Trenching with an excavator can be used to locate very shallow mineworkings and outcrops which are within 6 metres of the ground surface.
Drilling is used to investigate deeper mineworkings. The investigation of shallow coal mineworkings is usually limited to 30 metres below ground level. Only if old workings are unusually large or the ground particularly weak is this 30 metre depth limit exceeded.
Unless exceptionally heavy foundation loads are to be imposed on the ground by a proposed building, drilling is by open-hole techniques whereby rock cuttings from the bit are flushed up the hole and identified as drilling progresses.
Core drilling is used when rock strength needs to be determined by crushing cores in a laboratory.

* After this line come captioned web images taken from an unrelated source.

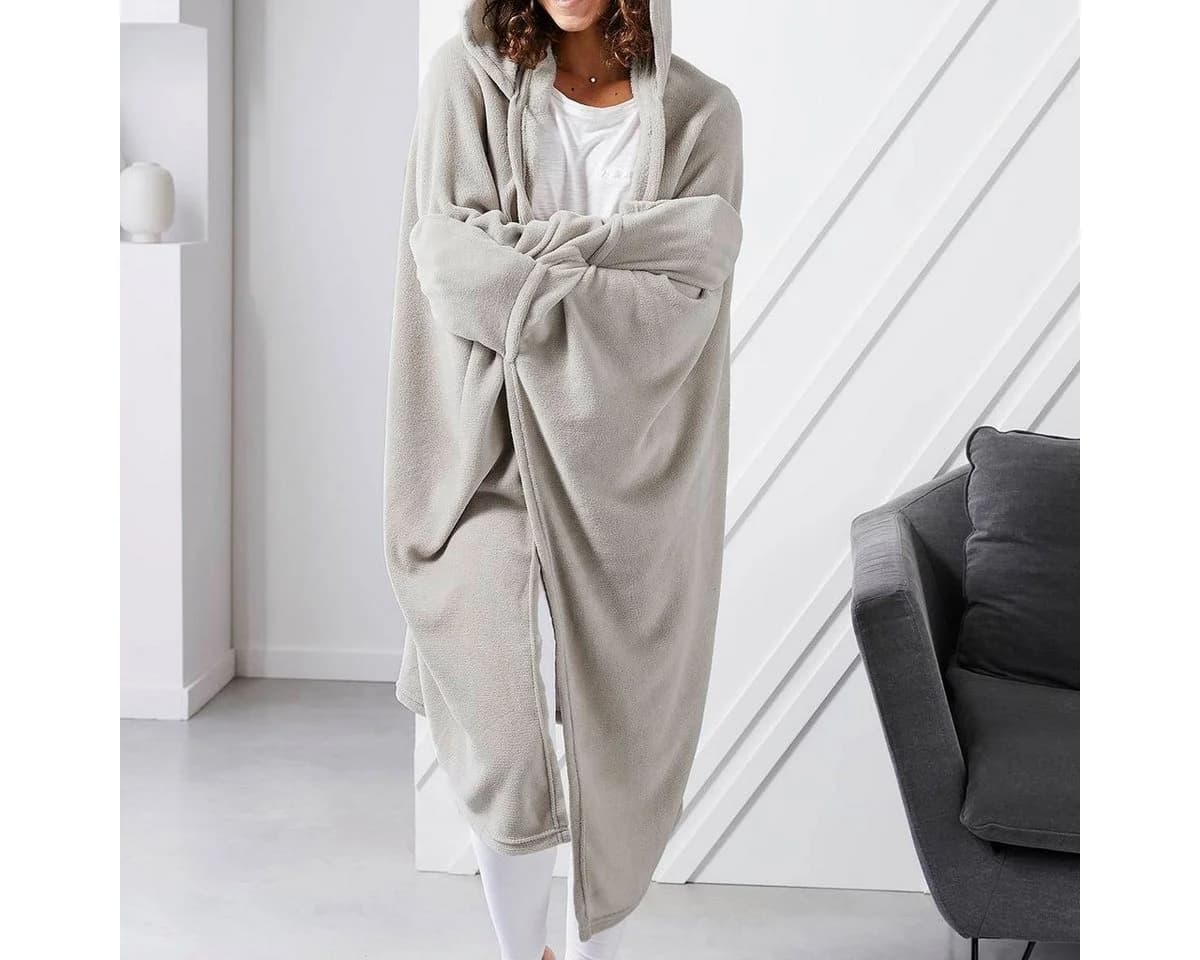 Wohndecke Today Beige Polyester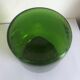 Vintage glass jar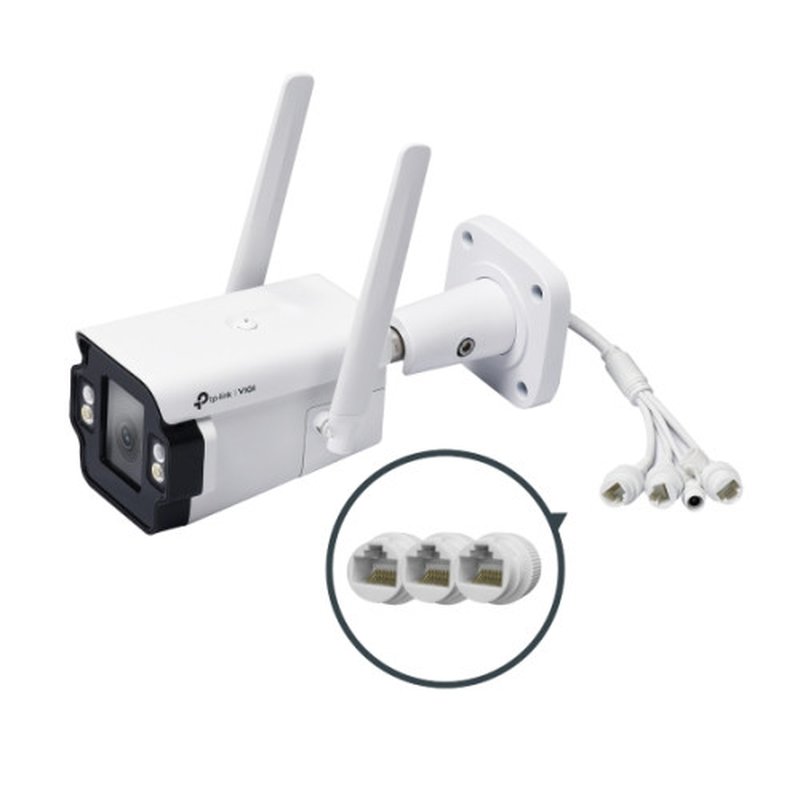TP-Link INSIGHT S345-4G Bala (forma) Cámara de seguridad IP Exterior 2688 x 1520 Pixeles Pared TP-Link INSIGHT S345-4G Bala (forma) Cámara de seguridad IP Exterior 2688 x 1520 Pixeles Pared - Imagen 3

Plans of coal workings are kept by The Coal Authority at the Mining Records Office in Mansfield on behalf of the Health & Safety Executive and are available for inspection by appointment.
Old topographical surveys, including estate plans and tithe maps as well as the Ordnance Survey, may also show the locations of mineshafts and mining sites.
The Geological Survey has records of mining and has published maps showing coal outcrops together with some mining details since the late nineteenth century.
The term shallow mineworkings usually refers to those mineworkings which have the potential to cause ground subsidence if the workings were still open.
This subsidence is caused by the collapse of the roof of mining tunnel, with the overlying strata falling downwards to fill the void and thereby forming a crater at ground level if the workings are less than 30 metres below ground level. Subsidence from deeper mining will have ceased by now and is not considered a risk.
To prevent subsidence from shallow mineworkings, it is necessary to infill any open tunnels with a cement based grout.
A grid of boreholes at 6 metre centres is drilled over the bearing area of a proposed building, and grout pumped down the holes and into any voids which might remain.
This remedial work will prevent subsidence, but because the ground may have already been weakened by previous subsidence, reinforced foundations are used for new buildings.